Leafs defenceman Conor Timmins is close to returning from a lower-body injury suffered in training camp. “The whole rehab process went smoothly,” he said. “Pretty comfortable with where I’m at.” Fellow blueliner John Klingberg remains out with an undisclosed injury. Keefe said he won’t be available for the games in Chicago and Pittsburgh. “Continuing to work through things,” said the coach. “We’ll have something for you when something’s changed. At this point, there’s no change in his status.”

Bedard impresses Leafs

Blackhawks rookie Connor Bedard had nine goals and 15 points through 16 contests heading into Wednesday’s action. The No. 1 pick at June’s draft helped his team pick up a 4-1 victory in Toronto last month.
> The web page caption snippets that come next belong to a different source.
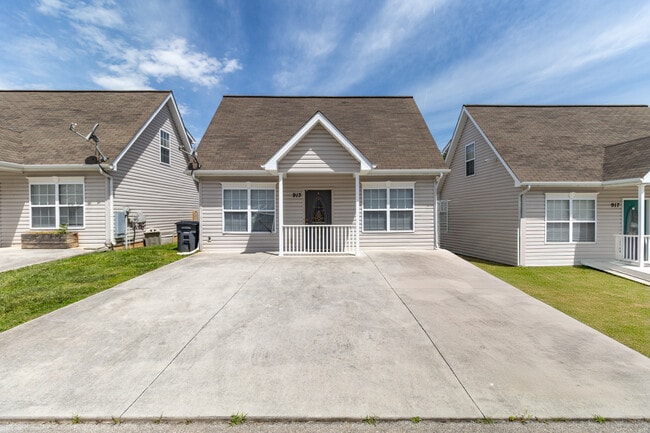 913 Hazelbrook Way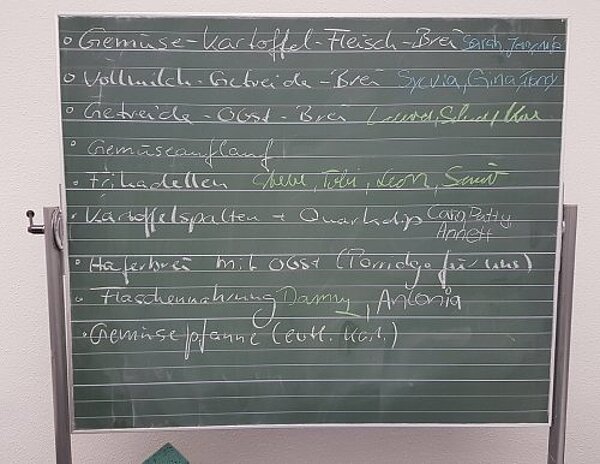 Säuglingsnahrung von den Kinderpflegern
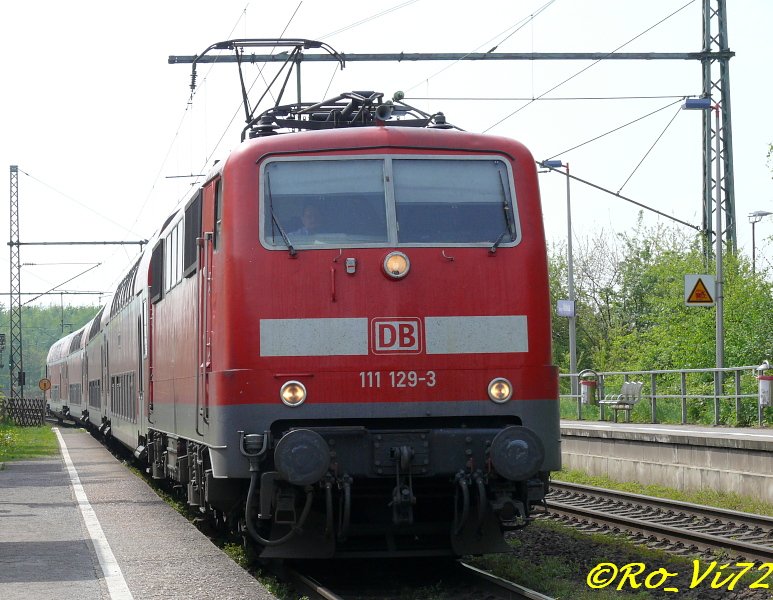 111 129-3 mit RE 3 Rhein-Emscher Express (Hamm-Dsseldorf). Bochum-NOKIA. 03.04.2008.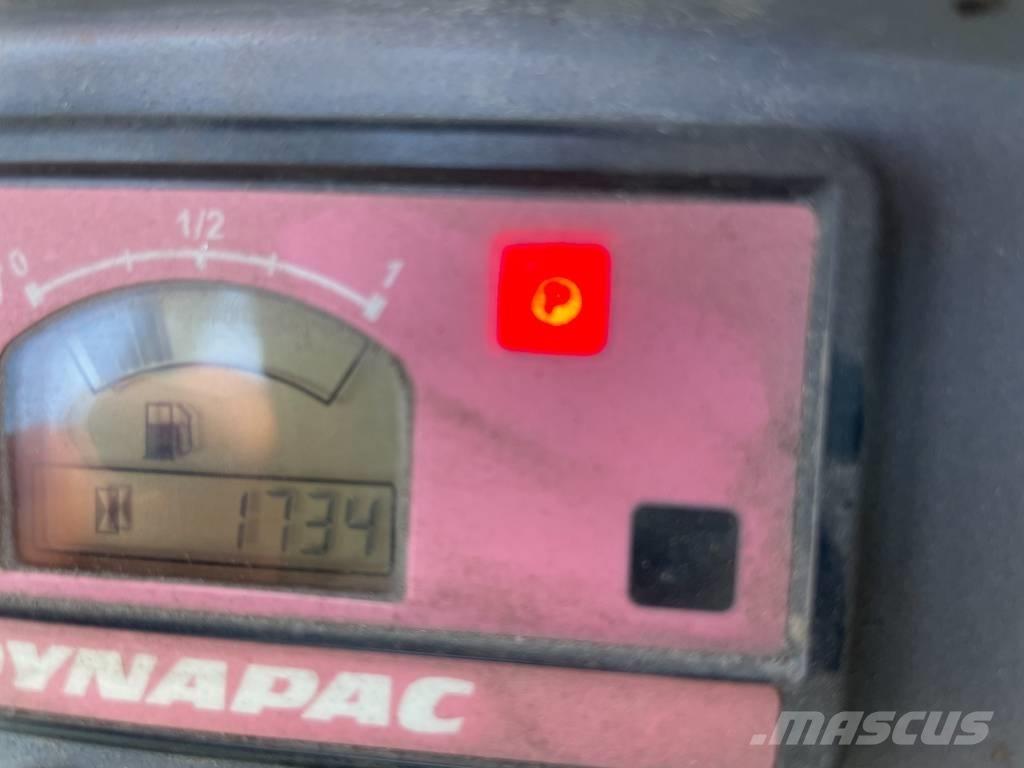 Dynapac CC1200 مداحل ثنائية الاسطوانة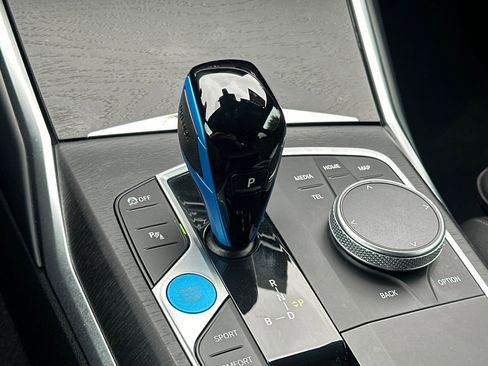 Certified 2023 BMW i4 eDrive35 image 27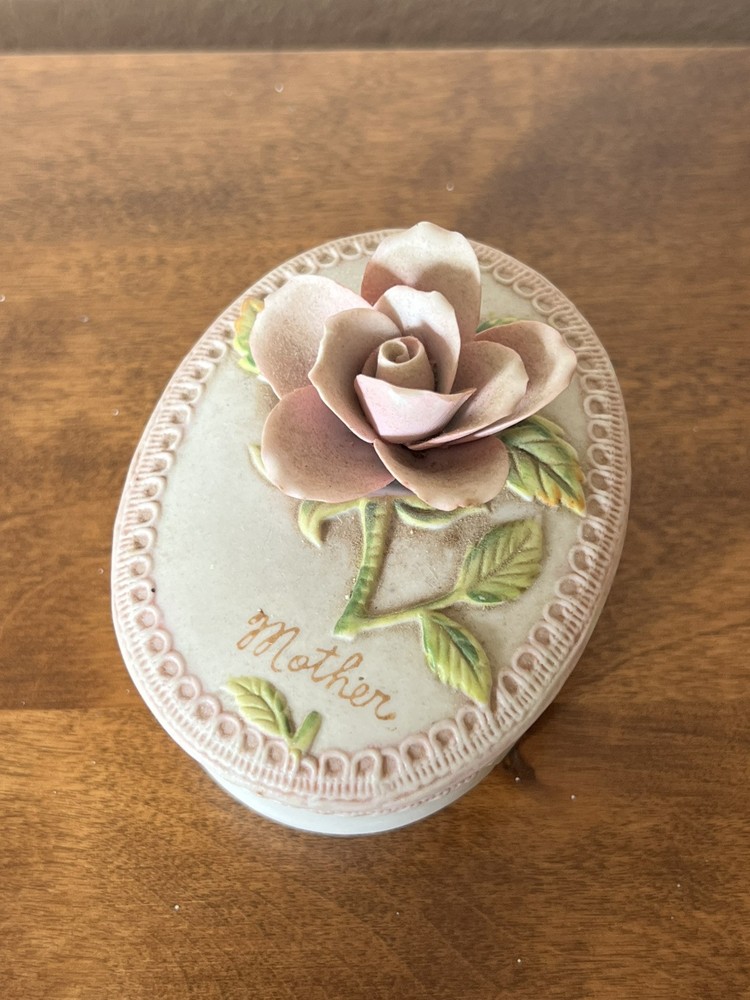 Vintage Applied Flower Porcelain Keepsake Box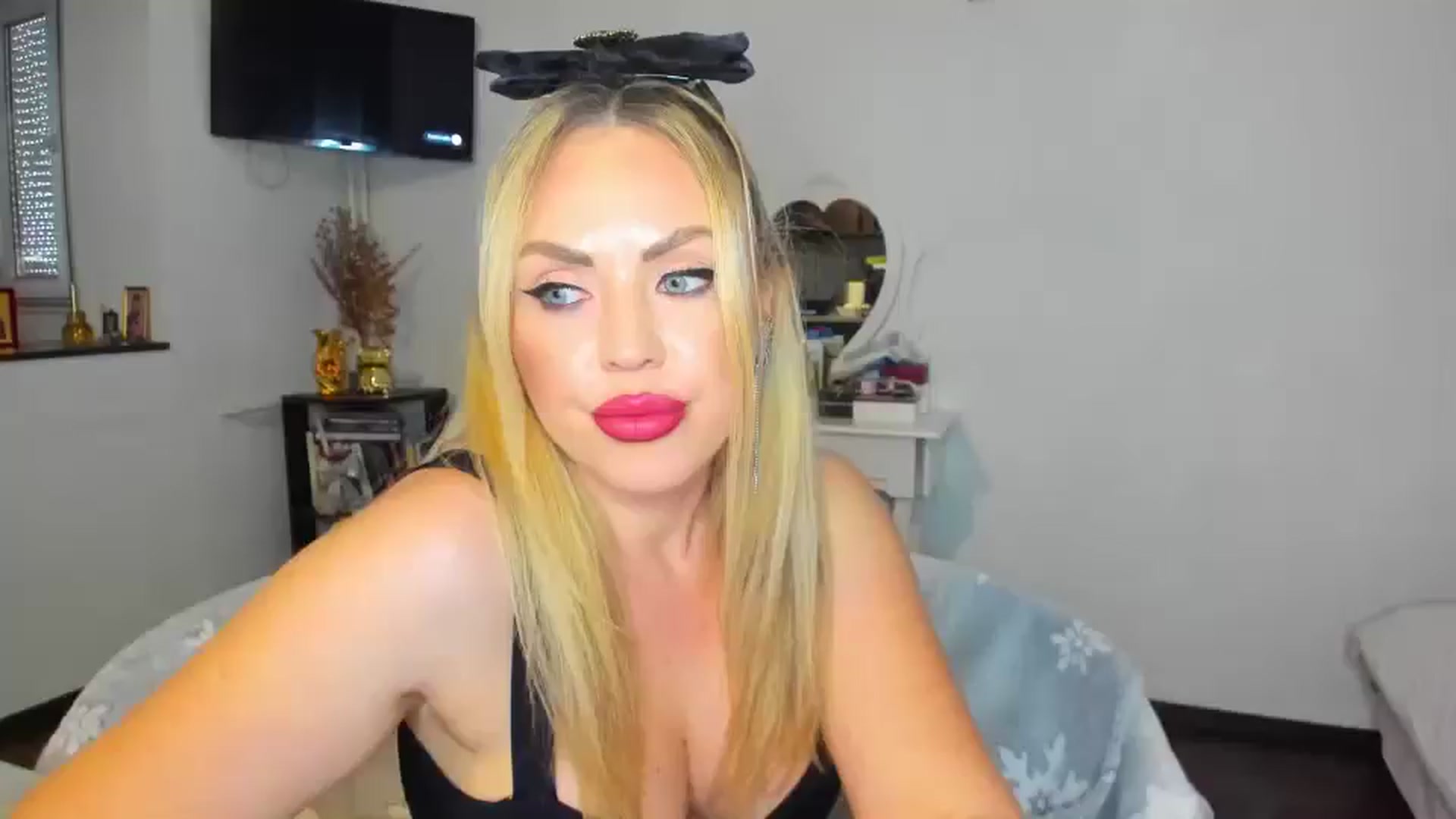 Gallery image thumbnail from MISS_JOY99's myfreecams stream on, 11/04/2024, 10:25 image 19 of 20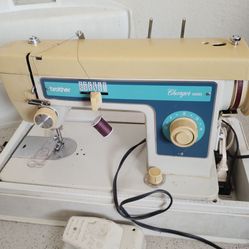 Beautiful sewing machine for sale .works perfectly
While there’s plenty of talk about Bedard’s powerful shot – and rightly so – Tavares pointed to something else in the 18-year-old’s tool belt. “It’s his hockey sense that impresses me,” he said. “He’s just got such good awareness of time and space. His release and deception is as good as any player in the game.”

Added protection

Giordano, Bertuzzi and defenceman Simon Benoit tested out neck guards at Wednesday’s skate. The equipment has once again become a focus following the death of a player in England after his neck was cut by a skate blade. “I’m in full support of guys if they’re comfortable,” Keefe said. “It’s a very personal thing, especially when we’re in the midst of a season and guys are performing at the highest level, have lots of pressure and expectations, and are very particular about their gear. The more players that do it makes them safer, and I think it sends a really important message to young people that it’s an important piece of equipment.”